I blogged before about how I find that smaller kindnesses are bigger than bigger kindnesses. In my own life and experience, in the way my own mind and emotions work, the bigger kindnesses come more readily and with less effort, and feel like less of an imposition, whereas for the smaller kindnesses don't come readily and require more conscious effort (and, actually, use up more spoons for my introvert brain).

I'm thinking of all this because of a couple of people who have been in the news here in Toronto lately. (I know it's obvious who I'm talking about, but I'm not naming names in this post because I'm repeating hearsay and speculating on other people's thought processes. I don't want to slander people or propagate rumours or presume to know what's in their brains, but it happens that the inspiration for this idea and the best example of what I'm trying to explain is these specific individuals, so I'm compromising by making sure that this post isn't in their google results.)

The individuals in question have, with some frequency, very loudly and publicly made statements that I think we can all agree are ungenerous (in the sense of anti-generous rather than non-generous) about other people or groups of people.
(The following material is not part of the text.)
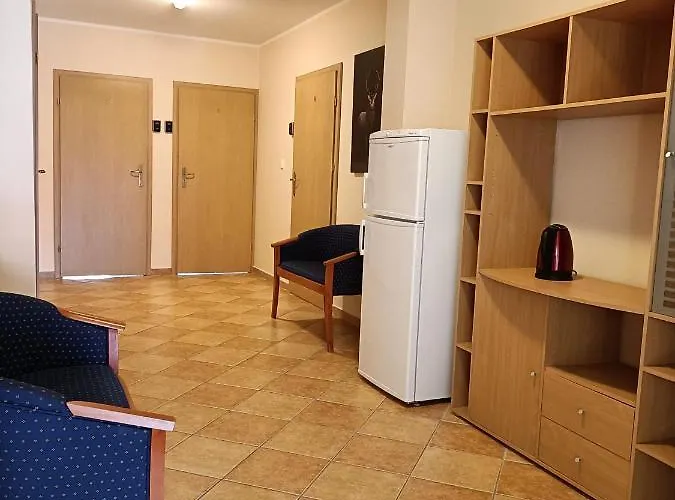 Sielanka Maison d'hôtes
They are on public, often televised record calling names and yelling.

There are also many anecdotes of individual kindnesses and generosity perpetrated by these individuals. There are stories of them going far more out of their way than necessary to help someone who's having a problem. I know someone personally who has witnessed the more famous of these individuals making a specific effort to do something for a young fan despite the fact that he was going through a difficult time in his own life.
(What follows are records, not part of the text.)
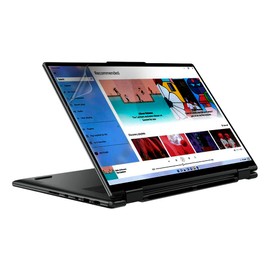 Matte Screen Protector for Lenovo Yoga 7i 16 inch 2.5K Touch 2 in 1 Laptop Compatible With 82QG0000US 2 Pack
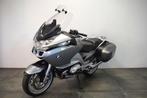 *VERKOCHT* BMW R 1200 RT (bj 2005), 2 cilinders, Bedrijf, 1170 cc, Meer dan 35 kW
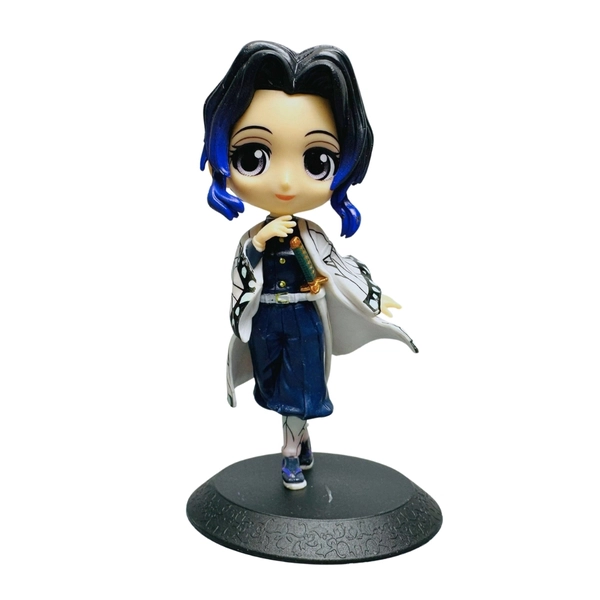 Mô Hình POP Kimetsu No Yaiba shinobu dáng đứng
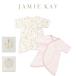  J mi- Kei JAMIE KAY новорожденный детский комбинезон-платье комплект jbco259904 BABY пижама часть магазин надеты детский комбинезон празднование рождения подарок подарок подарок 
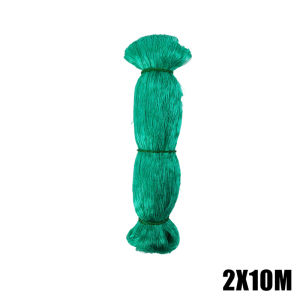 10m Mesh Anti Bird Nets for Garden Orchard Plants Flowers Fruits Vegetable Crops Protection Fencing Stretch Pond Pool Protection Net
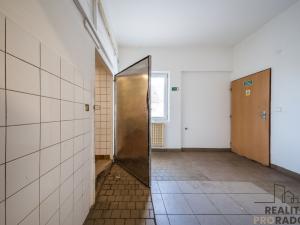 Prodej výrobních prostor, Tvarožná Lhota, 278 m2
This juxtaposition is interesting. The fact that these people make ungenerous statements, yell, and call names often enough that they're known for it means that these ungenerous and rather angry thoughts are in their heads. After all, you don't utter something if the thought has never entered your head. But, at the same time, despite the ubiquity of the ungenerous thoughts in their heads, they're able to do the small kindnesses frequently enough to develop a reputation for it. I literally cannot fathom how a person's mind could possibly work that way, how both ungenerous thoughts and ease of inclination towards small kindnesses can coexist in the same brain, but it looks like it exists.
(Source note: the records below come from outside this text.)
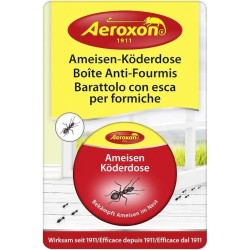 Aeroxon Ameisenkoeder
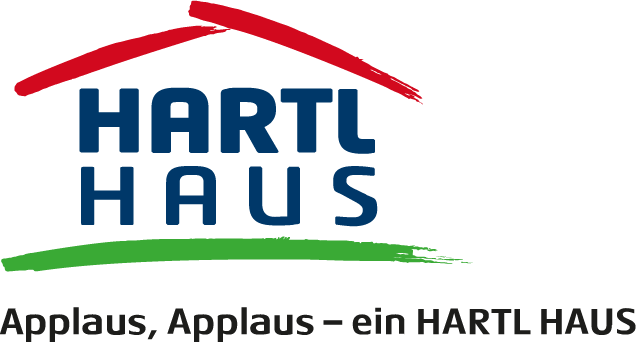 Logo Hartl Haus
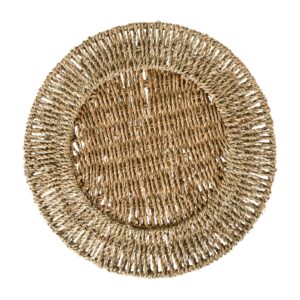 Sousplat de Sisal 38cm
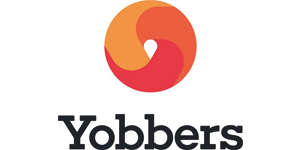 Logo Yobbers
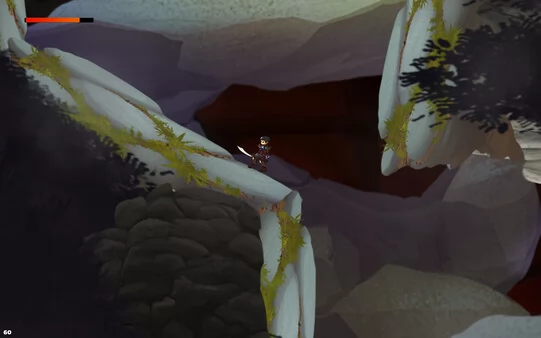 Savage Horizons截图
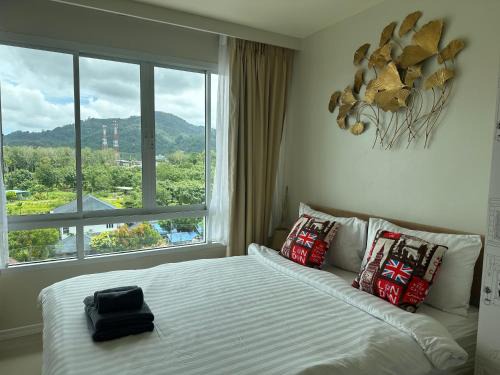 Kathu Apartment | Phuket Kathu Pluscondo 37 74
I certainly can't claim to be an objectively generous person, but I've never had thoughts as ungenerous as these individuals' public statements. I'm not saying this like it's virtuous or anything, it just doesn't occur to me. But despite the fact that my thoughts are less ungenerous, the smaller kindnesses for which these individuals are known don't come as easily to me. But, at the same time, bigger kindnesses and more macro-generous baseline behaviour (voting for the greater good, not speaking ungenerously about people in public) are default, practically second nature. I'd have to put thought and effort into not doing them. I can't say I never yell, but when I do it's more defensive. It's something like "Shut up and go away and leave me alone!" or "Why can't you just not hurt me?" rather than outright attacking someone. Again, I'm not claiming any of this as virtue, it's just how my brain works. And other people whom I like and with whom I identify seem to have brains that work this way too.

So this has me wondering: do different people have different patterns of generosity of thought vs. ease of small kindnesses vs. ease of big kindnesses? If so, does it correlate with some other factor? (Age? Gender? Wealth? Politics?)

This also has me thinking of something else I've noticed. There are some adults who consider a child polite based on the social formulas the child has been trained to use. If the kid says "Please" and "Thank you" and "Sir" and "Ma'am", they are deemed polite, without even thinking about looking at their actual behaviour. I find this odd because I, personally, don't care about the formulas at all. If a kid calls me by my first name and says "Can I have a cookie?", but they aren't a bully and don't wreck stuff or bring home a cockroach to keep as a pet, I consider them good and polite. I wonder if this correlates in any way? My gut instinct tells me that preferring children to use the correct social formulas regardless of actual behaviour would correlate with favouring small kindnesses over big kindnesses, but I have no evidence or anything.

5 comments:

laura k said...

I read a post like this and spend the entire time wondering who you are writing about. I honestly don't know - the people in question must be outside my news sphere. The whole post becomes a mystery, I have to struggle to get past the code.

impudent strumpet said...

That's funny, because you've blogged about it yourself.

laura k said...

Thanks! I didn't recognize it at all.

laura k said...

...possibly because I'm unaware of the positive anecdotes about that person.

impudent strumpet said...

For the politician, there are stories like this.

For the celebrity, we even have stories within my own family of small kindnesses done for young fans. These are often pointed out to me by people who see it as a reason why I should blindly accept and support everything they say. To which I point out that Eddie Izzard does bigger kindnesses for fans without any public anger/yelling, but somehow that doesn't get through.